When he finally took it in he paced three times before throwing his sword. Adilia jumped when it thudded right next to her into the trunk. "My people have waited for weeks and you didn't tell me you suffered?! I noticed your change in clothing but I thought you were being sensible."

"Well, I was. I just didn't do it by choice." Seeing that her glib tone wasn't doing the situation any favours, she tried to take on the serious tone he usually sported. "My problems don't affect what happened to you or Kale, it doesn't matter."

She didn't expect him to look so taken aback before his narrow eyes sparked and he marched right up to her face. "But it affects you!"

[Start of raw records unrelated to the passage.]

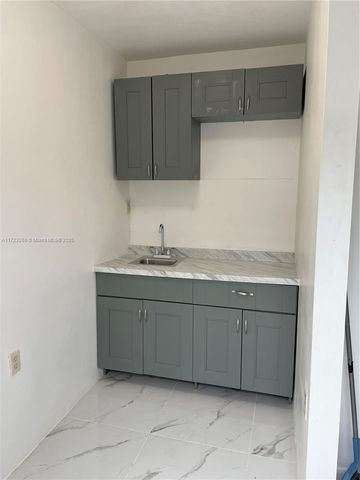 $1,200 | 1821 Utopia Drive, Unit 1 | Miramar Tropical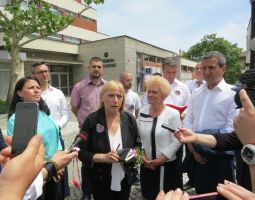 Казанлък към Елена Йончева: Спасете ни от корупцията, завладяла и нашата община / Новини от Казанлък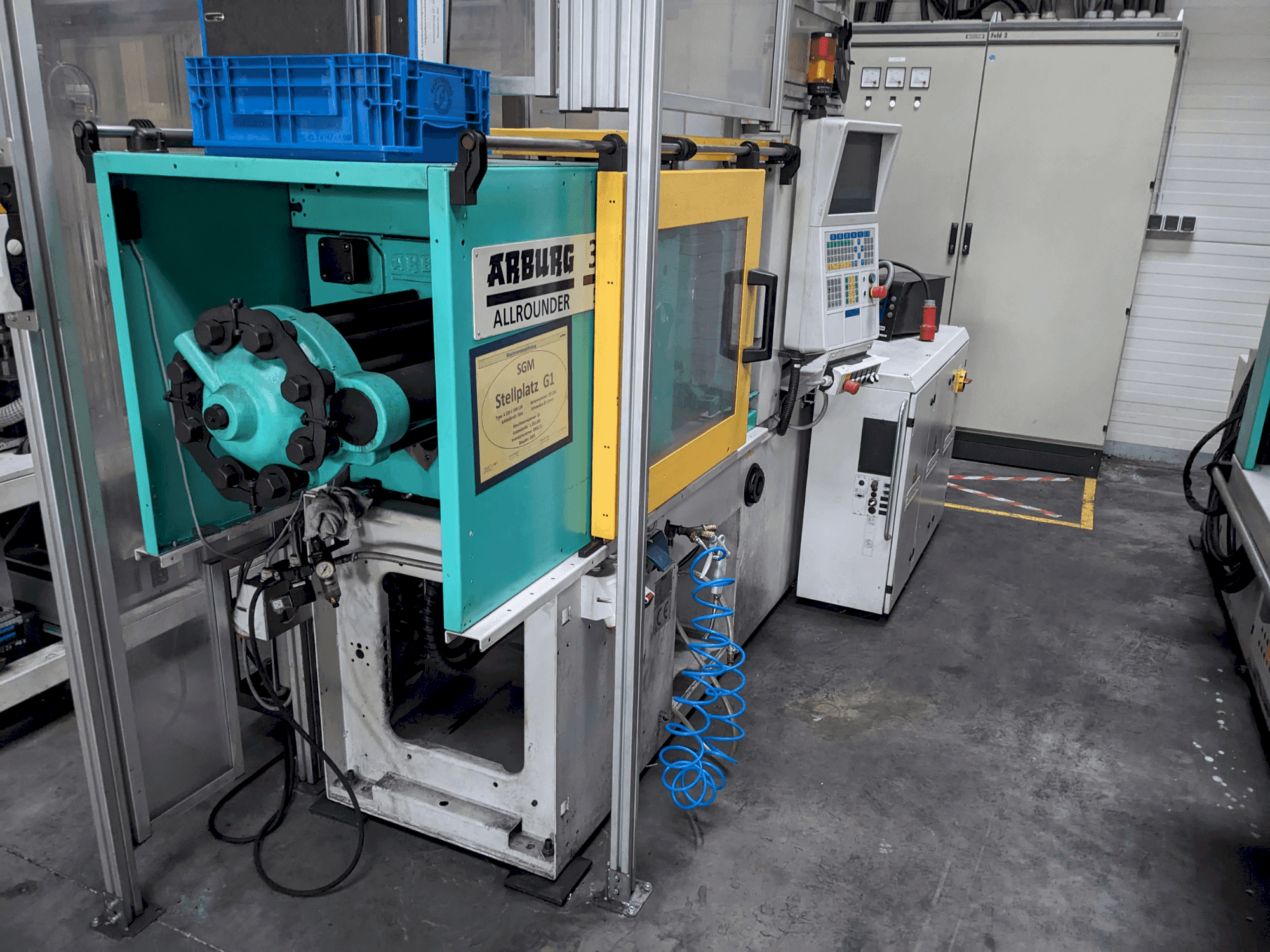 Vista frontal de la máquina Arburg 320 C 500-100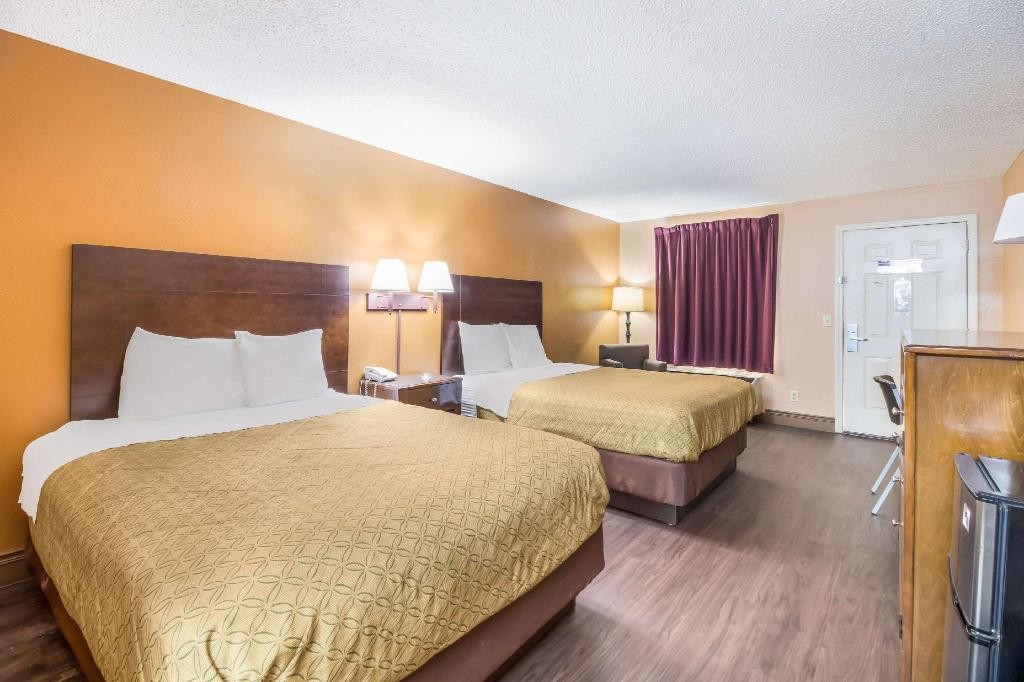 Econo Lodge Selmer, TN 12/37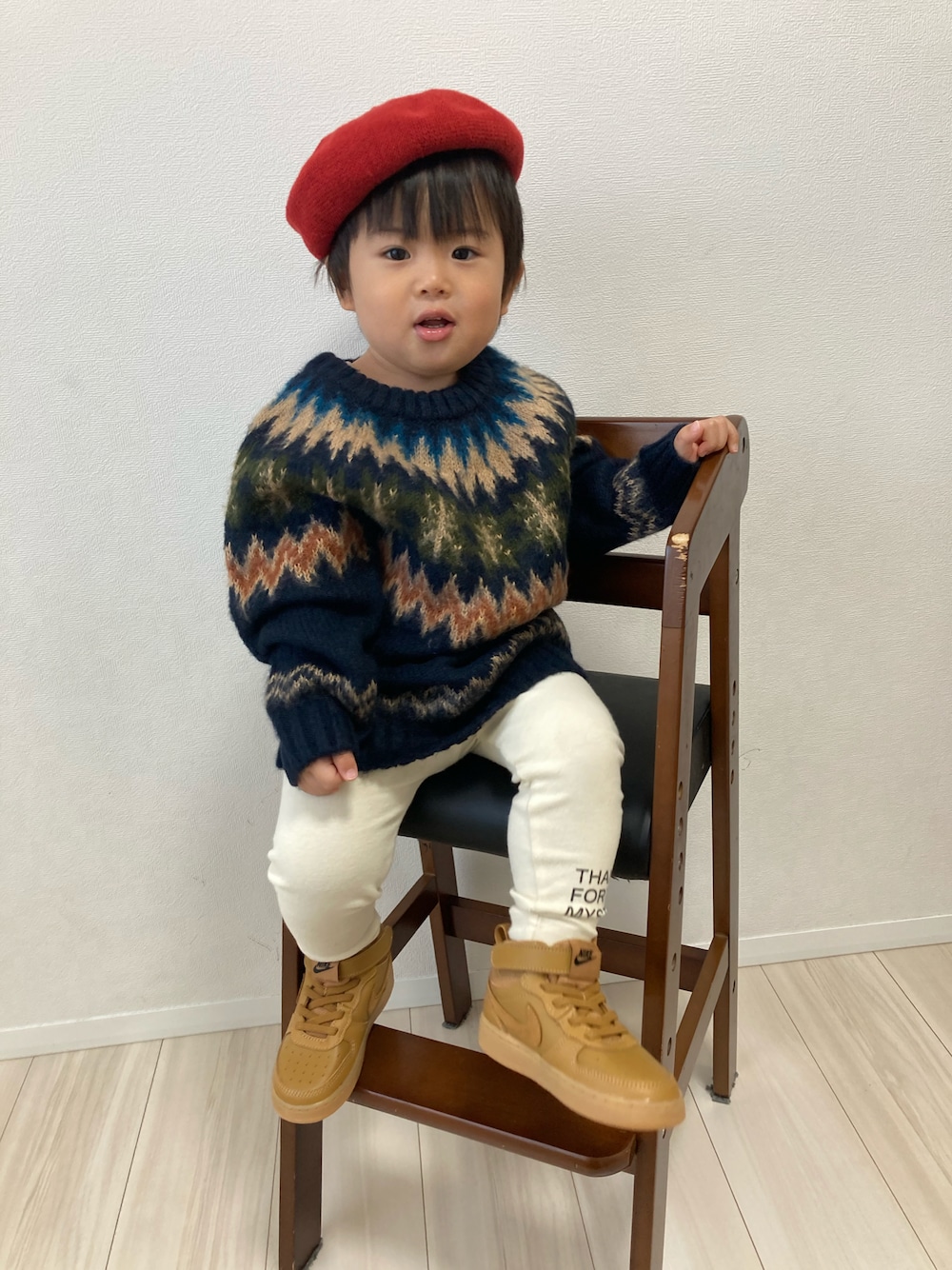 「ニット、NIKE、ベレー帽、レギンス、冬コーデ、スニーカーコーデ、ハイカットスニーカー、ノルディック柄、ゆるコーデ、おとこのこーで」｜「quoti use fithのコットンニットベレーボウ（ハンチング/ベレー帽、レッド系）」を使った、S♡K♡K♡さん（キッズ・110cm）の秋コーディネートの1枚目の写真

It took several blinks and pants through flared nostrils for him to realise how close they were. When he leant back out of her personal space she found she hadn't moved an inch, even though the free space to do so was behind her. She hadn't wanted to.

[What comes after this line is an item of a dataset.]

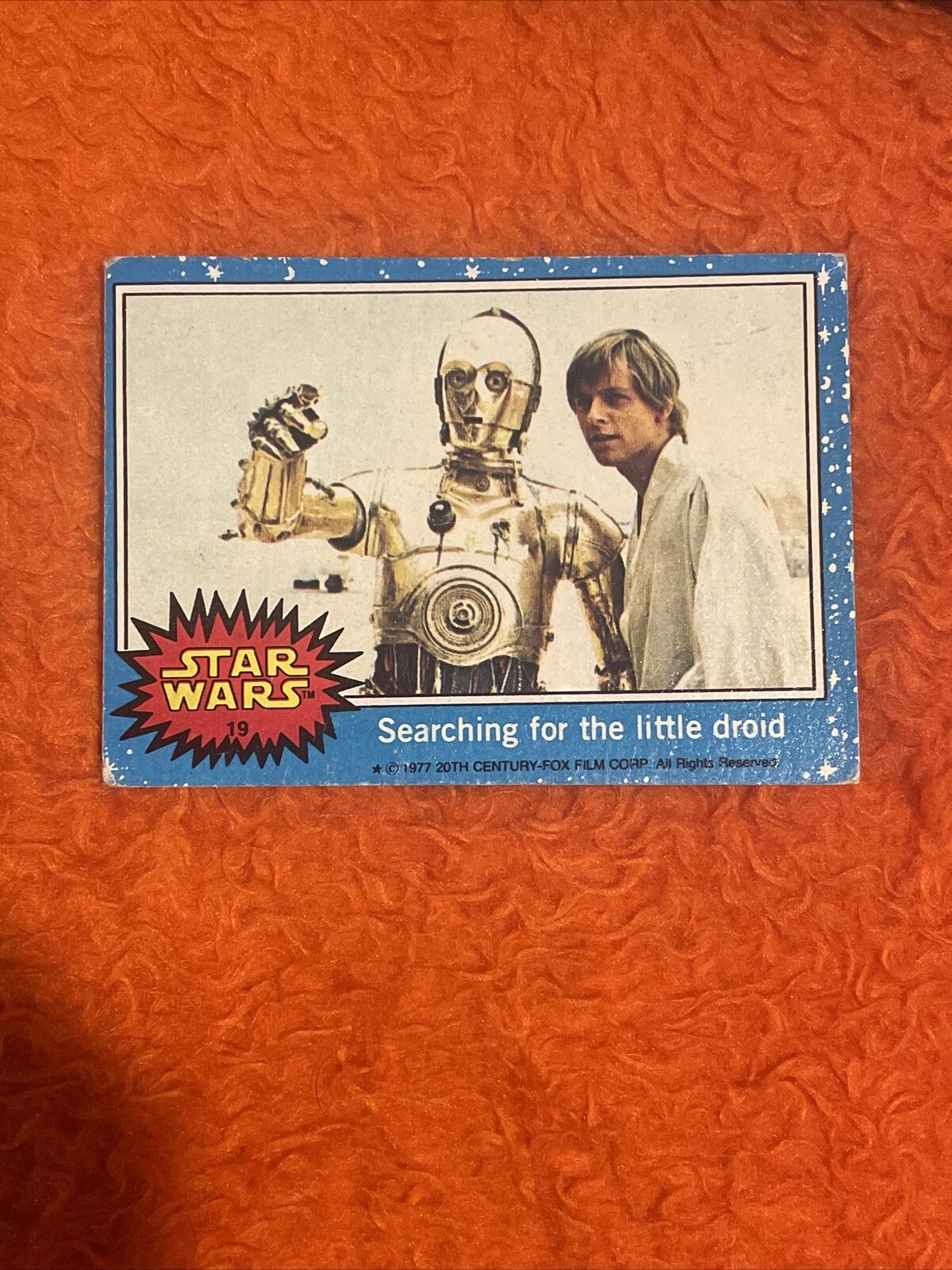 1977 Topps Star Wars #19 Searching For The Little Droid Luke Skywalker C-3PO
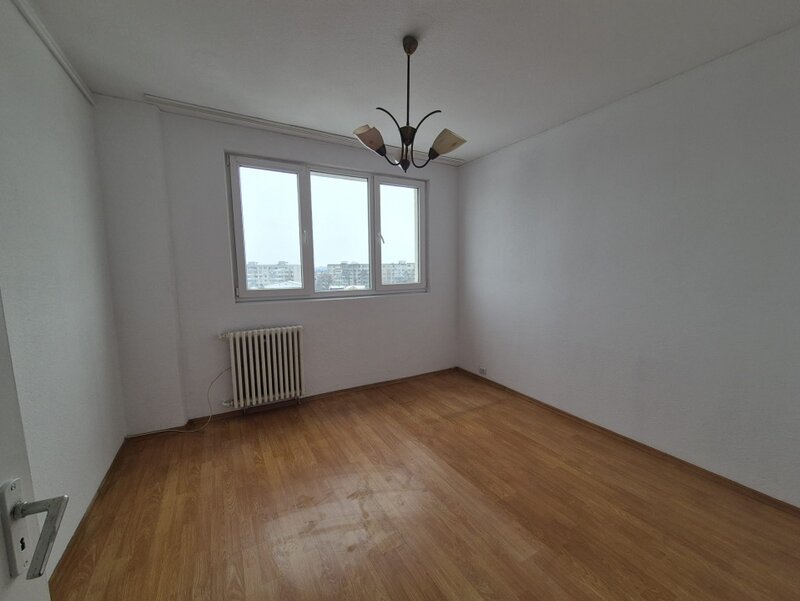 Metrou 1 Mai apartament 2 camere fara risc seismic, se accepta credit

Jorran huffed and yanked his sword out of the tree like an axe. "Find me when it begins. I will gather my people."

A feeling of panic began to spread in Adilia's stomach as the situation was going out of control and she had no idea how to stop him. Then by watching his retreating back she found the path he walked towards seemed familiar.

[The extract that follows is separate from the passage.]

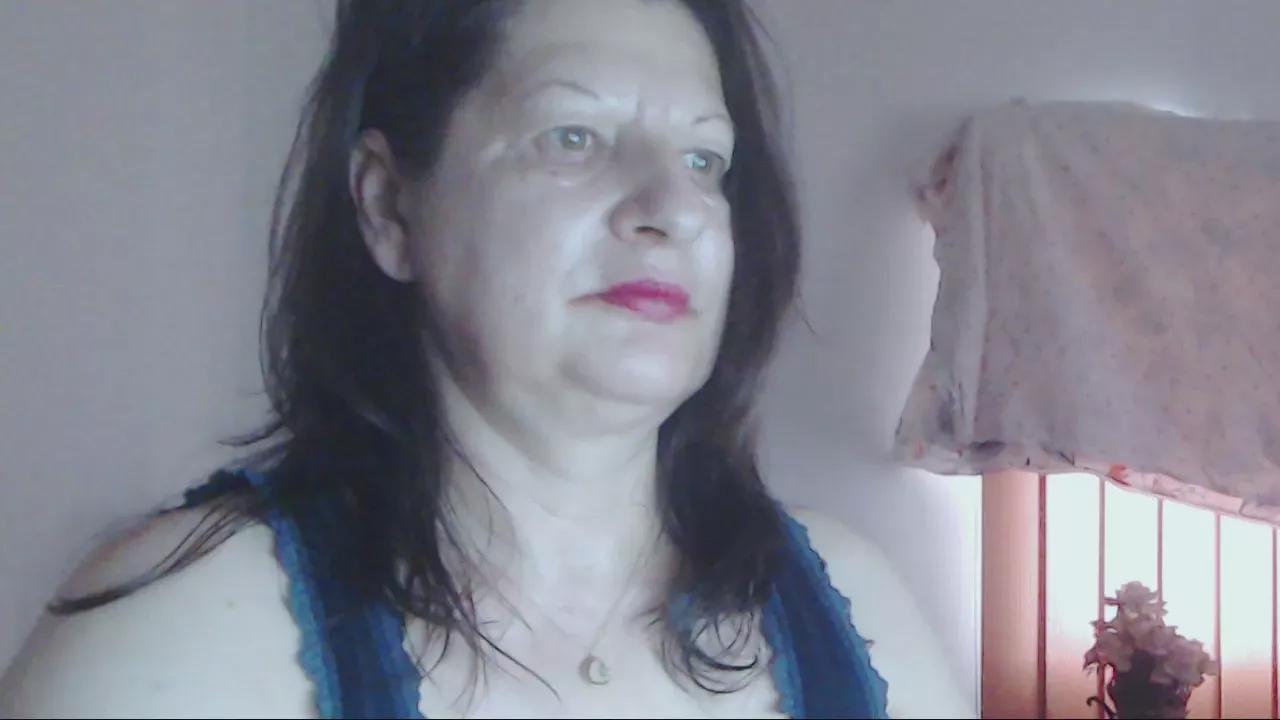 ExtasyMature on Cam4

"Wait." She spoke out and span around to look at the clearing behind them. In the distance some heads bobbed behind a ditch in the ground. "Isn't this where I first saw you?"

Jorran wandered over to follow her line of sight and exhibited a flicker of a smile. "You remember that?"

"Well it's hard not to. You were about to shoot me." She sniffed.

"I was aiming for the Thalmor." He grumbled. "Nipper looked a lot like his mount." He was then barreled over by the aforementioned horse charging into him. "Is your horse enchanted to understand speech?!" He yelped in an unusually high pitch as he tried to get off the ground. Adilia giggled but then they discovered Nipper had planted a hoof on the skirt of Jorran's fur tunic and she outright laughed.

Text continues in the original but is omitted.